Goehring, 209 Ill. 142, 166 (1904) (deference to a county board’s decision). Because the quo
warranto proceeding determined that the building of the Annex was within the PBC’s purpose of
building a good and sufficient jail, the Board’s legislative finding that the demolition of the
44
“decrepit[ ] courthouse is necessary for the maintenance and security of the Justice Center Annex
project” (a finding that is entitled to deference) establishes that the demolition of the courthouse
is within the PBC’s existing purpose.
¶ 90 We consider the Henry County circuit court’s quo warranto judgment to be indefensible,
and if that judgment had been appealed, we would have reversed it. As a matter of simple logic,
we find it difficult to understand how the purpose of building a jail includes the purpose of
building a courthouse (which is what the Annex essentially is). Moreover, the circuit court of
Henry County expressly found that the building of the Annex “enhanced” the PBC’s existing
purpose of building a jail. By definition, that means that the building of the Annex was not
already included in the PBC’s existing purpose. See Merriam-Webster Online Dictionary,
www.merriam-webster.com/dictionary/enhance (last visited July 10, 2020)
[https://perma.cc/EX6Q-X5AX] (defining “enhance” as “heighten, increase”). We find the
circuit court’s expansion of the PBC’s purpose to include the building of a new courthouse
particularly inappropriate here because (1) the Board had already acknowledged that the PBC
lacked the authority to build a new courthouse under its initial purpose of providing a good and
sufficient jail for Rock Island County and (2) the Board therefore put the matter to the voters via
referendum (in order to follow the requirements of the Commission Act) and the voters
overwhelmingly rejected the proposal to expand the PBC’s purpose to build a courthouse.
However, because the quo warranto judgment was never appealed, and because of the Board’s
subsequent legislative findings, we are constrained to affirm the dismissal of count III. Emmett-
Chalmers Fire Protection District, 58 Ill. App. 3d at 904; People ex rel. Lewis, 254 Ill. at 541-
42.
45
¶ 91 In addition, we note that the Board also made a legislative finding that the demolition of
the courthouse was necessary for the maintenance and security of the “Justice Center” itself,
which includes the jail building and some courthouses and other judicial facilities inside that
building. Maintaining the jail building and keeping it safe and secure would fall within the
PBC’s initial purpose of providing a good and sufficient jail, even without the highly
questionable 2015 quo warranto judgment. Moreover, maintaining and securing the Justice
Center (which was built to effectuate the purposes of the Commission Act), as well as
demolishing other buildings within the expanded “area” of the Justice Center, falls within the
PBC’s statutory authority under the Commission Act. 50 ILCS 20/14(c) (West 2016).

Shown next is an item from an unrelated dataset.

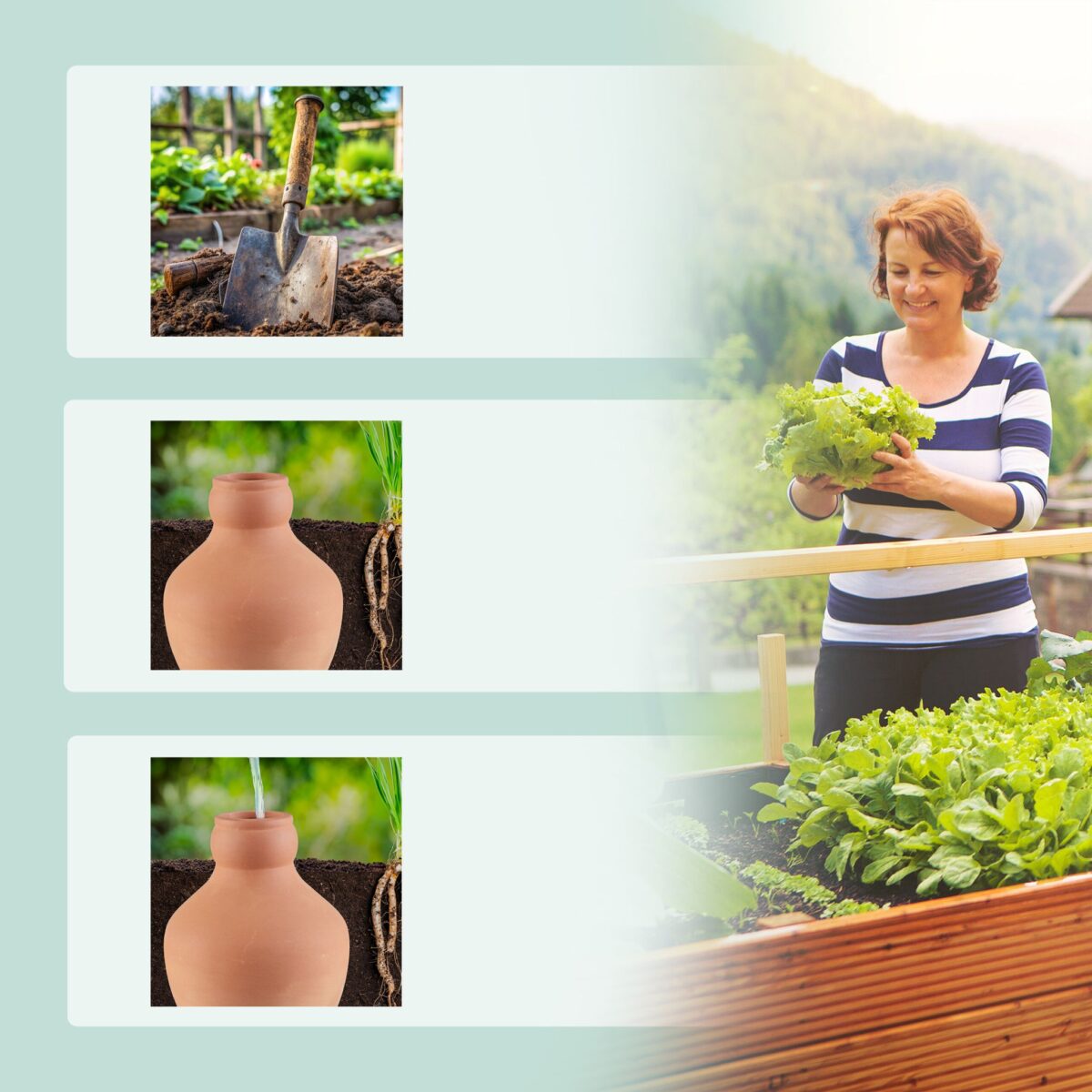 Set 3 conuri ceramice, pentru irigare plante, 550 ml, natur - imagine 6
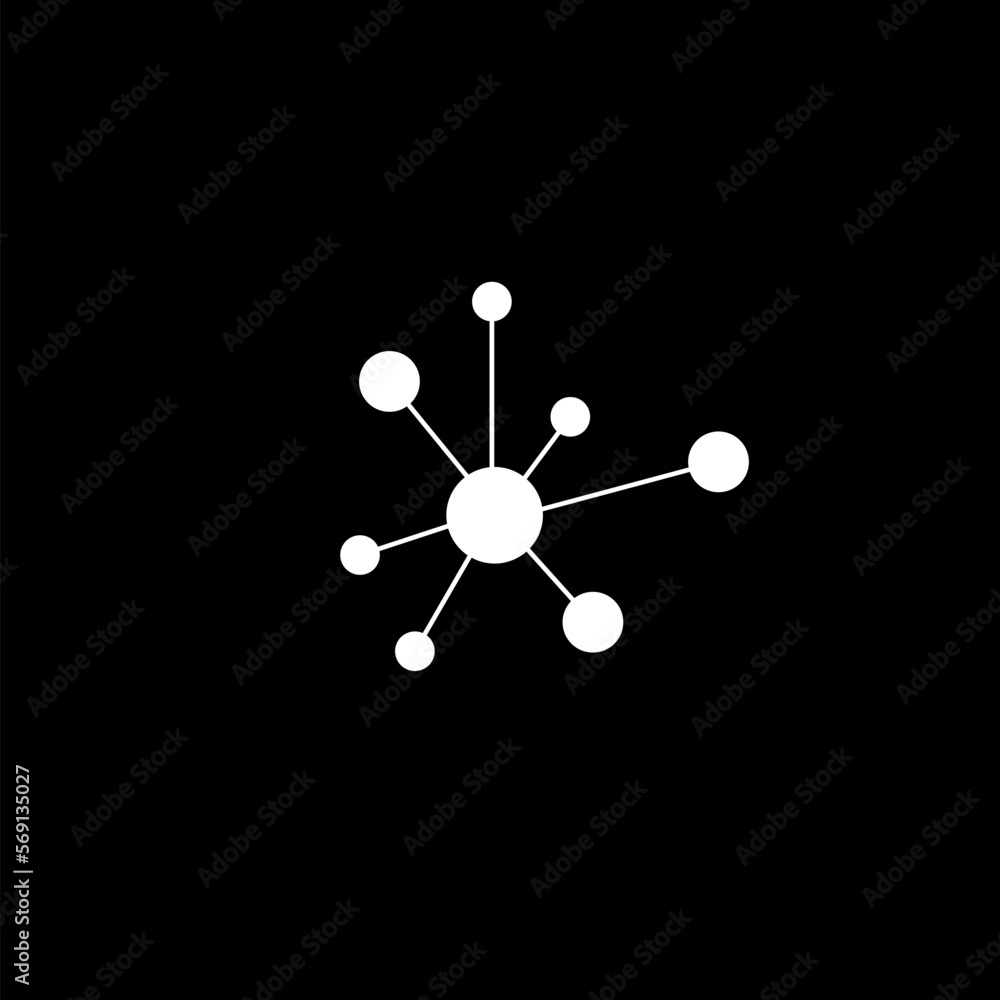 Molecule logo vector illustration flat icon isolated on black background. Molecule logo vector illustration flat icon isolated on black background.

Accordingly, under the circumstances presented in this case, the plaintiffs can prove no set of
facts that would entitle them to relief on count III of their complaint. Dismissal of that count was
therefore proper.
¶ 92 CONCLUSION
¶ 93 For the reasons set forth above, we affirm the judgment of the circuit court of Rock
Island County dismissing the plaintiffs’ claims under the Commission Act (counts II and III). We
reverse the trial court’s dismissal of the plaintiffs’ claim under the Preservation Act (count I) and
remand for further proceedings on that claim. We direct the trial court on remand to enter a TRO
barring the demolition of the courthouse until the consultation process required by the
Preservation Act has been completed.
¶ 94 Affirmed in part and reversed in part; cause remanded.